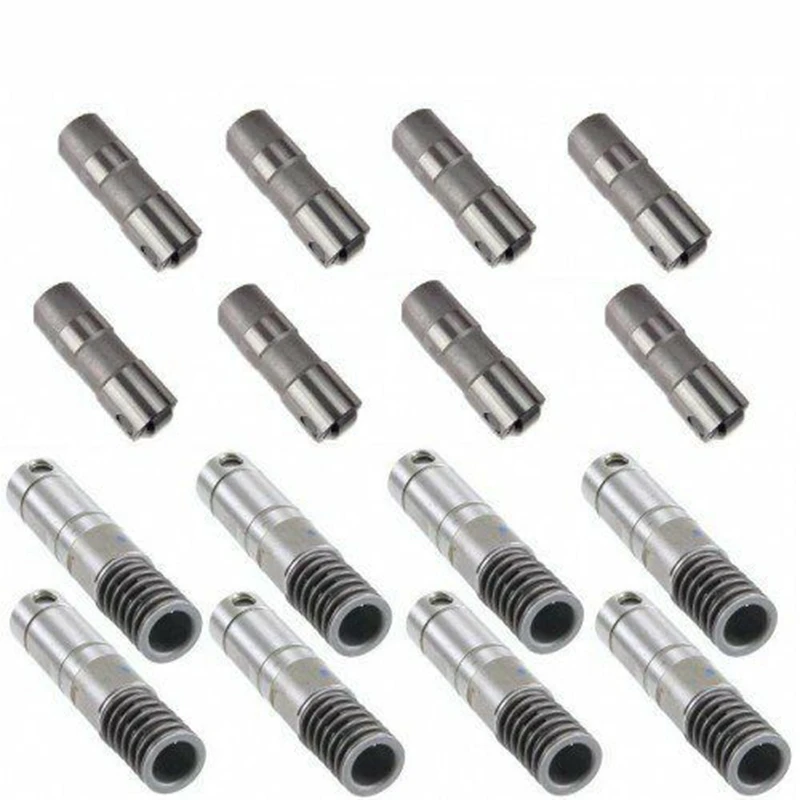 Подходит для Chevy GM 5 3 5.3L 6 0 6.0L 2 герметичная мощность AFM DOD Elgin Lifter Set 16 HT2303 +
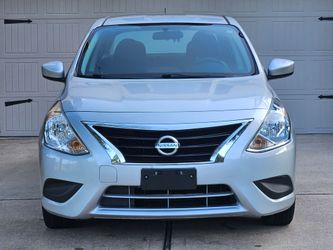2017 Nissan Versa 63k miles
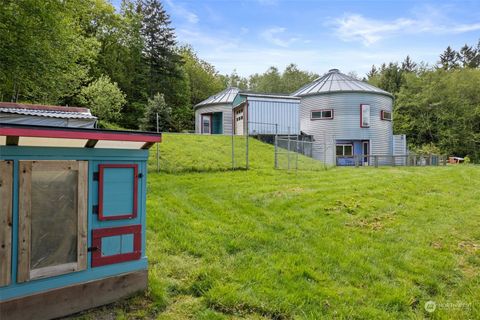 A home in Port Orchard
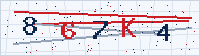 Security CAPTCHA Code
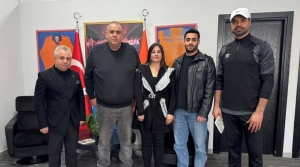 İskenderunspor'a Anlamlı Ziyaret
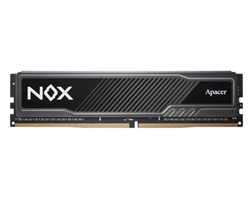 BỘ NHỚ MÁY TÍNH APACER DDR4 8G 3200 OC NOX (1 x 8GB) DDR4 3200MHz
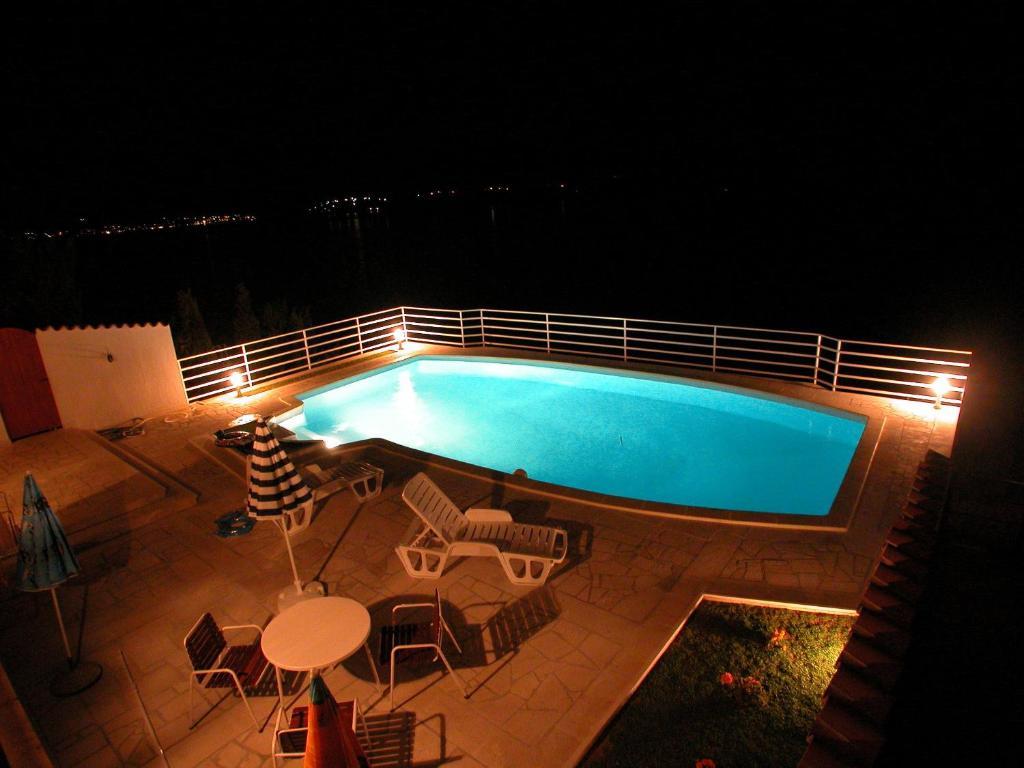 Apartments Villa Marija Сегет-Враниця Екстер'єр фото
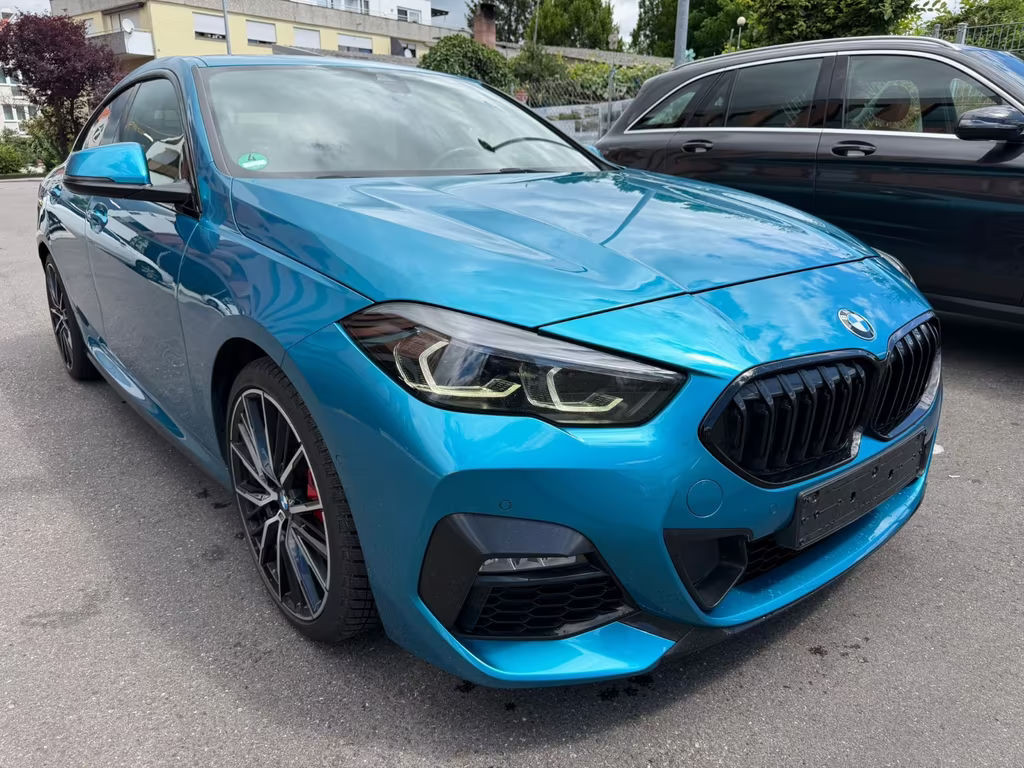 BMW 2 Serie 220 M-Sport Coupé Gran Coupé Sedan 220d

━━━━

• ASSIGNMENT:
Would you set down, word for word, the lines running from the one that contains "İskenderunspor'a Anlamlı Ziyaret" to the last line of the material, omitting all pictures?

• TASK OUTPUT:
 İskenderunspor'a Anlamlı Ziyaret
 BỘ NHỚ MÁY TÍNH APACER DDR4 8G 3200 OC NOX (1 x 8GB) DDR4 3200MHz
 Apartments Villa Marija Сегет-Враниця Екстер'єр фото
 BMW 2 Serie 220 M-Sport Coupé Gran Coupé Sedan 220d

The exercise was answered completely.